◆ **PROBLEM DETAILS**:
Please write out every line of the material, leaving out any picture.

◆ **STORED DATA**:
__________

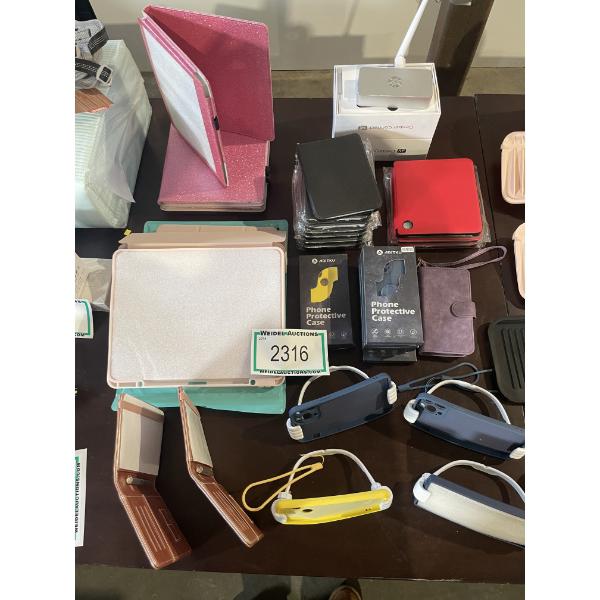 Assort Table, phone & passport holders & routers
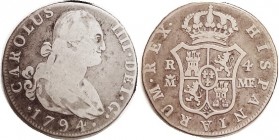 Charles IV, 4 Reales 1794, Madrid-MF, Very nice VG/F, immaculate surfaces with lt tone.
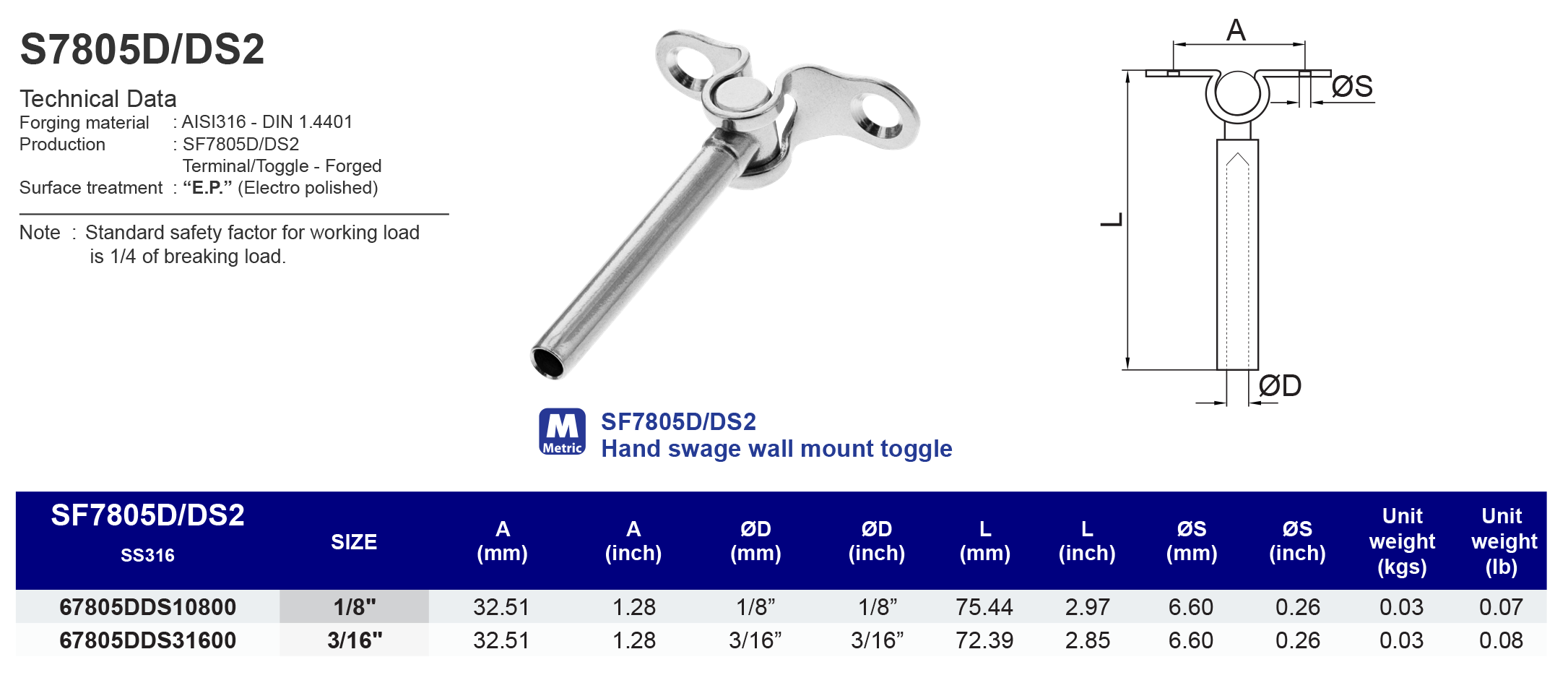 S7805D/DS2 Hand swage wall mount toggle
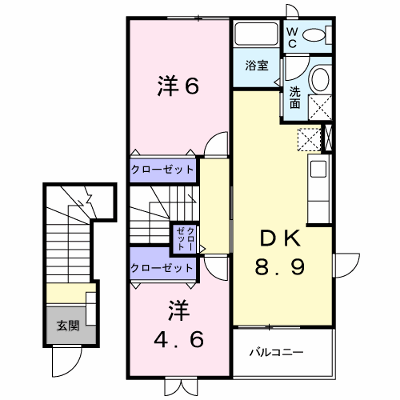 ファミーユ古里　Ｂ 202【管理NO：1-011503702-02020】 ★家具家電は申し込み後に搬入します★ ★2026年10月中旬入居可能★の外観画像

__________

◆ **SOLVED PROBLEM**:
 Assort Table, phone & passport holders & routers
 Charles IV, 4 Reales 1794, Madrid-MF, Very nice VG/F, immaculate surfaces with lt tone.
 S7805D/DS2 Hand swage wall mount toggle
 ファミーユ古里　Ｂ 202【管理NO：1-011503702-02020】 ★家具家電は申し込み後に搬入します★ ★2026年10月中旬入居可能★の外観画像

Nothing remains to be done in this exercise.